___ Exercise input

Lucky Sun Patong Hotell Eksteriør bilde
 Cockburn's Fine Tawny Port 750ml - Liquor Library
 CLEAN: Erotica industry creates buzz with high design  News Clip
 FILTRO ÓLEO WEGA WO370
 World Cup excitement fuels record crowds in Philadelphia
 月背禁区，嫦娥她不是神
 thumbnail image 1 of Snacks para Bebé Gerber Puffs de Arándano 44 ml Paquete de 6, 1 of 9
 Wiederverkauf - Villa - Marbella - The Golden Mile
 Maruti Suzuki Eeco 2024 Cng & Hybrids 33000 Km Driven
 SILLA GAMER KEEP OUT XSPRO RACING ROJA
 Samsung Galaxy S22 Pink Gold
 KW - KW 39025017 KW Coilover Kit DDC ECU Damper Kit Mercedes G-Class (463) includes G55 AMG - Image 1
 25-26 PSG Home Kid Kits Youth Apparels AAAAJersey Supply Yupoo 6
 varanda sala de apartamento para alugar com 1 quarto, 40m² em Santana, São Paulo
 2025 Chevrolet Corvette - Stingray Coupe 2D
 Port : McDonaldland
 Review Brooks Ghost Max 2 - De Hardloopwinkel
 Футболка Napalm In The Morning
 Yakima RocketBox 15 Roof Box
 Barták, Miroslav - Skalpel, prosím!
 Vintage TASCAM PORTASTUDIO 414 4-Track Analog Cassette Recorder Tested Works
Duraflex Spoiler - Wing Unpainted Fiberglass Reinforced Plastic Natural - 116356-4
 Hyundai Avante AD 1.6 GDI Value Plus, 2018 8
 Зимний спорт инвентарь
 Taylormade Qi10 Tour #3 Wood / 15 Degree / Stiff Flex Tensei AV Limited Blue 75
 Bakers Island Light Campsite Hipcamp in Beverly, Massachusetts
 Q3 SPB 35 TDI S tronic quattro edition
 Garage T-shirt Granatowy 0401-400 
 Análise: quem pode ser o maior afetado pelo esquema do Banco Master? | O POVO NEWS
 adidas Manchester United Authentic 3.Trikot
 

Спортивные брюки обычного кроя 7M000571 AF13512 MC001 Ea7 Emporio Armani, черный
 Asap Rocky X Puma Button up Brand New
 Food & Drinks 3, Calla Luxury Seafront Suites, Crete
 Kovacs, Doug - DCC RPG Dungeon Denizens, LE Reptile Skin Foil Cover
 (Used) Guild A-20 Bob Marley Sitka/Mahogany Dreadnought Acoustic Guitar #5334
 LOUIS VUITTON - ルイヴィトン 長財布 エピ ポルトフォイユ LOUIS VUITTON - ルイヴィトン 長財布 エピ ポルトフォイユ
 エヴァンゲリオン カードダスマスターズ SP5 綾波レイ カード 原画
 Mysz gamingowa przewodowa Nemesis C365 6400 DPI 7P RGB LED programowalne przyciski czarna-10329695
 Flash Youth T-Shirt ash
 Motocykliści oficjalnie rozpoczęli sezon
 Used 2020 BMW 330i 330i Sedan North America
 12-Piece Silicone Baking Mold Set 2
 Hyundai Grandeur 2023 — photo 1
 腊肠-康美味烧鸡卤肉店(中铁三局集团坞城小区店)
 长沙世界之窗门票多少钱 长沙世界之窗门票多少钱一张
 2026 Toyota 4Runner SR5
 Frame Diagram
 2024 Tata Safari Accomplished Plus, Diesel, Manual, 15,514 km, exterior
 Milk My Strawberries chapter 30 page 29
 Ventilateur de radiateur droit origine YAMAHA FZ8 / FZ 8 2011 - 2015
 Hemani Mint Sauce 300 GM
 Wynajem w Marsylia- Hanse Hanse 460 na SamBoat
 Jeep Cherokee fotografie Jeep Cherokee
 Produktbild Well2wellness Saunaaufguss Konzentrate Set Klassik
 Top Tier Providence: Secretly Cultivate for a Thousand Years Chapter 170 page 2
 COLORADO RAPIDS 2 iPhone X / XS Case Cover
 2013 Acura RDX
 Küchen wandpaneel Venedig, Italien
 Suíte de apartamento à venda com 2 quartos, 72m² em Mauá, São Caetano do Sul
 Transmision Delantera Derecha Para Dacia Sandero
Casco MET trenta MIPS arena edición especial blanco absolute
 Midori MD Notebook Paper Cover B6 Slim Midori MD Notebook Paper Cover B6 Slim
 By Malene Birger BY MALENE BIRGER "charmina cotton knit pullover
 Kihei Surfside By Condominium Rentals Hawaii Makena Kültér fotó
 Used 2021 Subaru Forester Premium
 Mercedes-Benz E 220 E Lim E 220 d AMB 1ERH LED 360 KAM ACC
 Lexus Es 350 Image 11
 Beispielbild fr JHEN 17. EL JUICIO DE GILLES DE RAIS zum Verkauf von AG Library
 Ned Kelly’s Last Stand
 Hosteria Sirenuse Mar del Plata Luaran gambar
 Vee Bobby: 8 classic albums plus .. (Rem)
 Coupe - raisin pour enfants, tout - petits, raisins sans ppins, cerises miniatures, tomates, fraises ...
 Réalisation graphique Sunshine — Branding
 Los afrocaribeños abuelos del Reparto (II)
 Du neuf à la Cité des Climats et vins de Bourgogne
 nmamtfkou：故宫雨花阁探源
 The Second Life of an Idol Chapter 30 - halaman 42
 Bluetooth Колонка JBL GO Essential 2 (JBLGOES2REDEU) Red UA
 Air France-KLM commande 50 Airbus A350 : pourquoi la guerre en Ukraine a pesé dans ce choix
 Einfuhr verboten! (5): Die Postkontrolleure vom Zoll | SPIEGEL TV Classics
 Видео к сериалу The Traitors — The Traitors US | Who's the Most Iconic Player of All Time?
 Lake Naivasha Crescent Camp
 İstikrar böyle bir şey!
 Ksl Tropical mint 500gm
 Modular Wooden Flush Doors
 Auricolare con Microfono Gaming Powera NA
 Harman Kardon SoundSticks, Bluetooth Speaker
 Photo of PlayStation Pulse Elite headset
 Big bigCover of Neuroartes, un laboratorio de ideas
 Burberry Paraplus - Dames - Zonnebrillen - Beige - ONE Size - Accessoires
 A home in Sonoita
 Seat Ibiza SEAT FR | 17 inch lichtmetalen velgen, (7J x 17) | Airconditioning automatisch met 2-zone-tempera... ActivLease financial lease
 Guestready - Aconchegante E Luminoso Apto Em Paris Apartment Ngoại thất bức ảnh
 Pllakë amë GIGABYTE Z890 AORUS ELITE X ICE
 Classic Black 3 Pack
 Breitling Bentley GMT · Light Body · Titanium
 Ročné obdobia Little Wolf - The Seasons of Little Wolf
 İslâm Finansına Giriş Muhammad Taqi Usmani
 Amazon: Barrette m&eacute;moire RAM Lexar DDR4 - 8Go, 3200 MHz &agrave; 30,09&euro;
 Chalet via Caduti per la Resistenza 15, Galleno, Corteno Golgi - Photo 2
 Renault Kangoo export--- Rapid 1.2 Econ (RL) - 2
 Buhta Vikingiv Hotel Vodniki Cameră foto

______

What this task involves
What you give back must be the stretch above, starting at the line with "Coupe - raisin" and ending at the line with "A home in Sonoita", copied exactly.

Task response
 Coupe - raisin pour enfants, tout - petits, raisins sans ppins, cerises miniatures, tomates, fraises ...
 Réalisation graphique Sunshine — Branding
 Los afrocaribeños abuelos del Reparto (II)
 Du neuf à la Cité des Climats et vins de Bourgogne
 nmamtfkou：故宫雨花阁探源
 The Second Life of an Idol Chapter 30 - halaman 42
 Bluetooth Колонка JBL GO Essential 2 (JBLGOES2REDEU) Red UA
 Air France-KLM commande 50 Airbus A350 : pourquoi la guerre en Ukraine a pesé dans ce choix
 Einfuhr verboten! (5): Die Postkontrolleure vom Zoll | SPIEGEL TV Classics
 Видео к сериалу The Traitors — The Traitors US | Who's the Most Iconic Player of All Time?
 Lake Naivasha Crescent Camp
 İstikrar böyle bir şey!
 Ksl Tropical mint 500gm
 Modular Wooden Flush Doors
 Auricolare con Microfono Gaming Powera NA
 Harman Kardon SoundSticks, Bluetooth Speaker
 Photo of PlayStation Pulse Elite headset
 Big bigCover of Neuroartes, un laboratorio de ideas
 Burberry Paraplus - Dames - Zonnebrillen - Beige - ONE Size - Accessoires
 A home in Sonoita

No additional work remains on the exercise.